Boeken / Non-fictie

Toeval bestaat wél

recensie: David Hand - Het onwaarschijnlijkheidsprincipe (vert. Han Visserman)

Tot drie keer toe de loterij winnen. Zeven keer door de bliksem getroffen worden. Het zijn zeer onwaarschijnlijke gebeurtenissen, maar toch komen ze voor. In Het onwaarschijnlijkheidsprincipe schrijft statisticus David Hand deze gebeurtenissen niet toe aan bovennatuurlijke krachten, maar louter aan wiskundige wetten.

De premisse van Hand is vrij eenvoudig. Dagelijks gebeuren er nou eenmaal zó veel dingen, dat ook de meest onwaarschijnlijke gebeurtenissen onvermijdelijk zijn. Wacht lang genoeg en iemand zal drie keer de loterij winnen.
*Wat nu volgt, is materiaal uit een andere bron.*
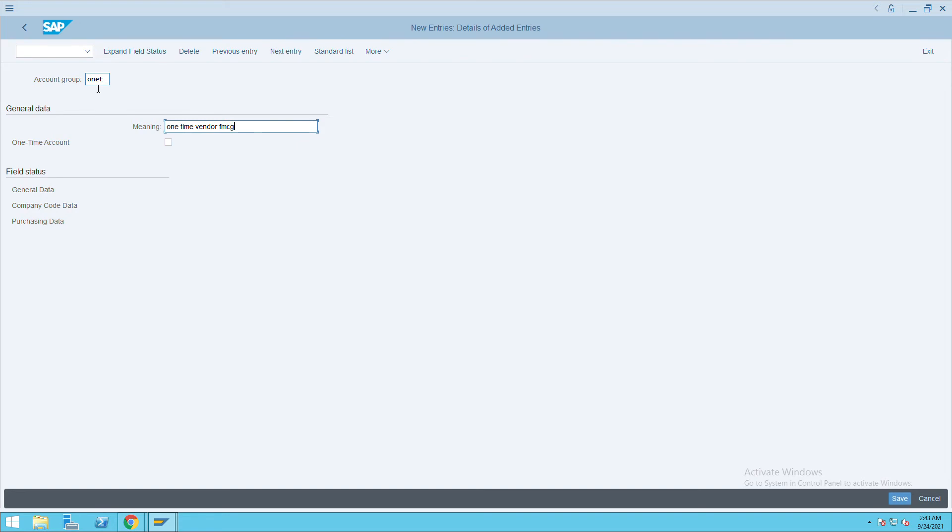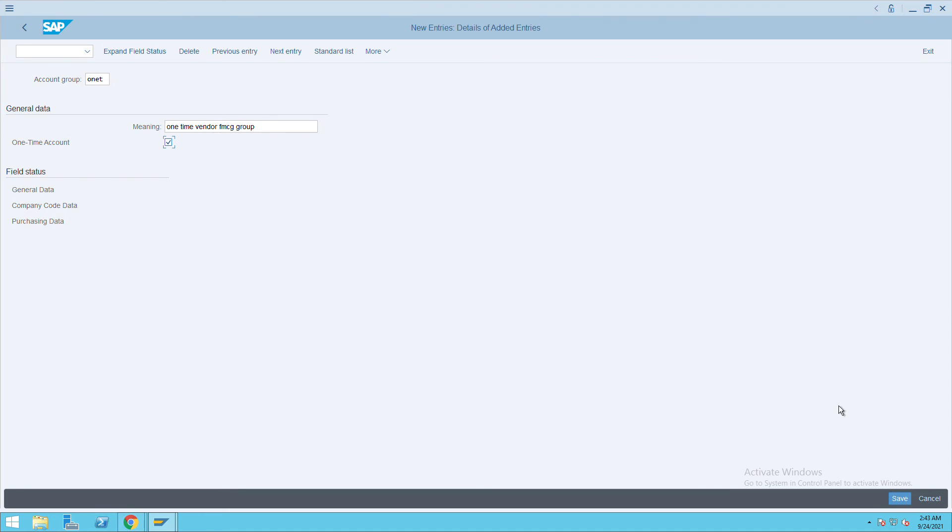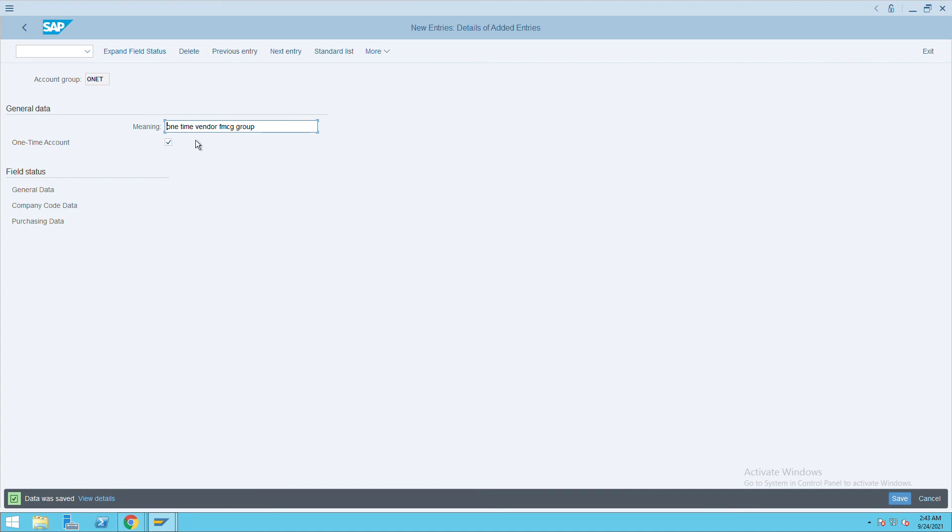Click on this checkbox - this is very important for one-time vendor creation. Select this checkbox and click on save. This is how we can create a one-time vendor group.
Onwaarschijnlijke gebeurtenissen zijn onontkoombaar; ze moeten zo nu en dan voorkomen. Ter ondersteuning van zijn onwaarschijnlijkheidsprincipe maakt Hand gebruik van vijf wiskundige principes, namelijk de wet van de onvermijdelijkheid, de wet van de werkelijk grote aantallen, de wet van de selectie, de wet van de kanshefboom en de wet van het voldoende dichtbij. Deze wetten worden alle in afzonderlijke hoofdstukken doorgenomen.

Alledaagse toevalligheden
Hand houdt ervan zijn stellingen te illustreren met behulp van dobbelsteenworpen. Het is onwaarschijnlijk om tien keer op een rij eenzelfde cijfer met een dobbelsteen te gooien. Maar laat genoeg mensen tien keer met een dobbelsteen gooien en de kans is groot dat het iemand overkomt. Zo gaat het natuurlijk ook in de werkelijkheid; er worden wereldwijd iedere dag heel wat dobbelstenen gegooid, heel wat loterijtickets verkocht en er waaien heel wat onweersbuien over. Aan toevallige reeksen is daarom geen ontkomen.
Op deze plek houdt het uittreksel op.